*Work task*: Take the line containing "And, ���������, 38 ���" and every line after it to the end of the records, and copy them exactly, excluding pictures.

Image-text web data
──────
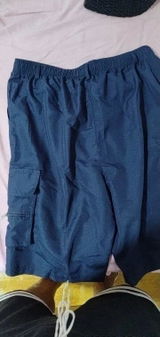 Lee G. review photo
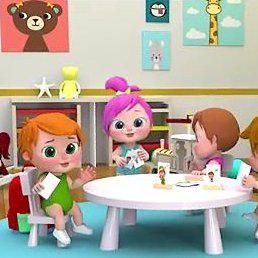 And, ���������, 38 ���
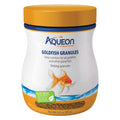 Aqueon Goldfish Granules Fish Food 3 Ounces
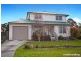 11 Boatwright Ave, Lugarno NSW 2210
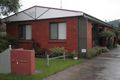 Property photo of 1/80 Carroll Road East Corrimal NSW 2518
──────
*Your response*:
 And, ���������, 38 ���
 Aqueon Goldfish Granules Fish Food 3 Ounces
 11 Boatwright Ave, Lugarno NSW 2210
 Property photo of 1/80 Carroll Road East Corrimal NSW 2518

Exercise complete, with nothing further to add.